Claims that Middle Eastern migrants are “piling on to the dole queue” are misleading. The data actually shows that, after an initial period of relatively high unemployment, labour force participation and employment rates amongst migrant communities eventually reach parity with the rest of the population.
Recently released labour force data indicates that people born in North Africa and the Middle East have unemployment rates of 33.5% during the first five years of settlement in Australia.
Settling well in Australia often takes time for people from migrant backgrounds. The first few years can involve significant personal, social and economic transition. Refugees, in particular, can face challenges in dealing with the trauma of forced displacement.
Discrimination based on race in the Australian labour market is also real, as evidenced by study after study. A ‘visible difference’ (such as skin colour or religious attire) can negatively affect candidates’ chances for a job.
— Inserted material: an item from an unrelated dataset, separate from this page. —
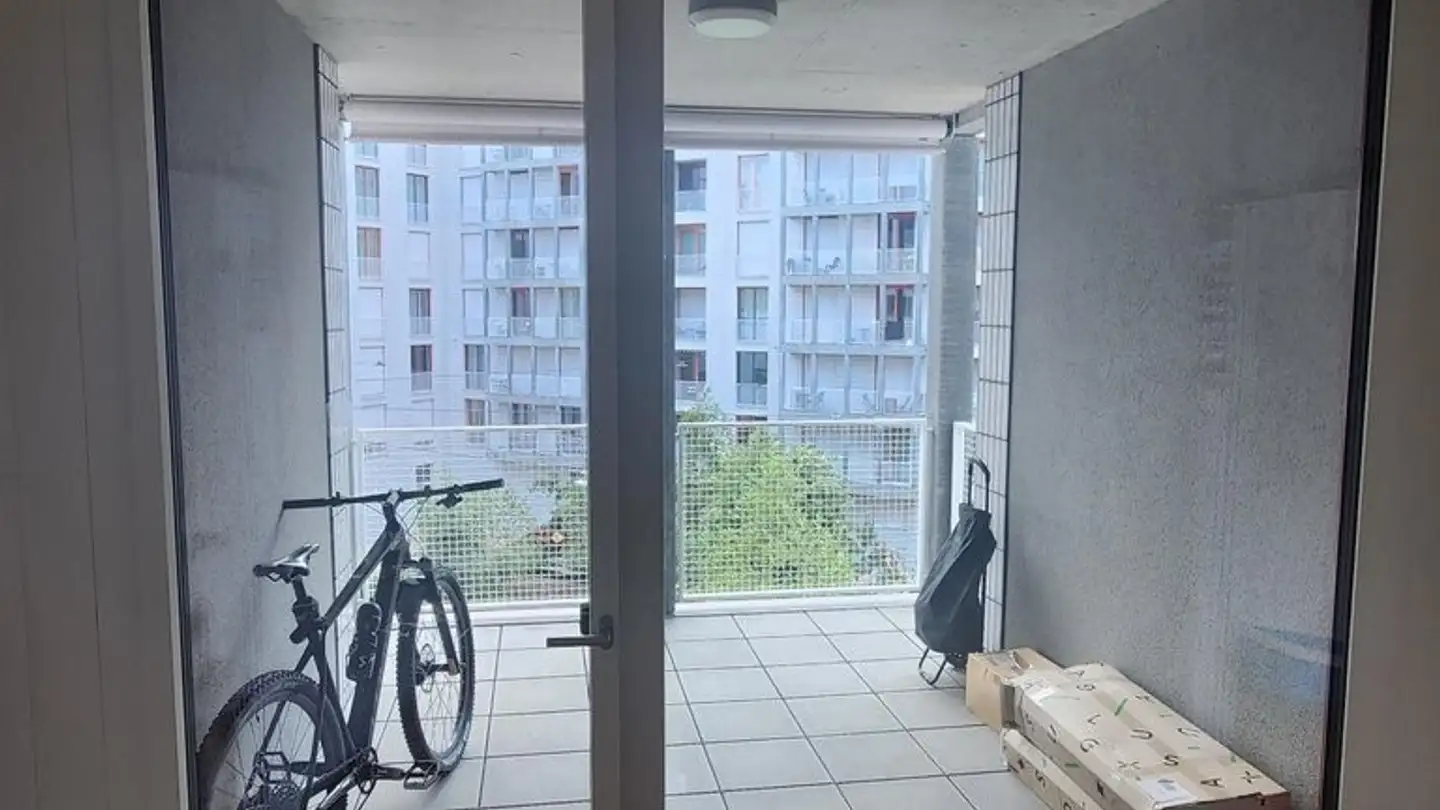 Appartamento in affitto - Nidfeldstrasse 2j, 6010 Kriens - Photo 4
Not surprisingly, then, recent arrivals from North Africa and the Middle East have low labour force participation rates during early settlement – just 38.2% for those who arrived within the last five years. But this rises rapidly to 54.6% for those who arrived 5-9 years ago. By the time they have been in Australia 15-19 years, labour force participation (66.2%) approaches the overall rate in Australia (67.9%).
The chart below shows that unemployment rates for migrants from North Africa and the Middle East also falls dramatically over time. Those who have been in Australia 15-19 years had an unemployment rate of 4.8% in December 2016, which was lower than both the rate for people born in Australia (5.5%) and the current overall unemployment rate (5.7%) of the country.
Time makes a big difference for new migrants to Australia. It takes several years to build English language competency and meaningful engagement with education and employment.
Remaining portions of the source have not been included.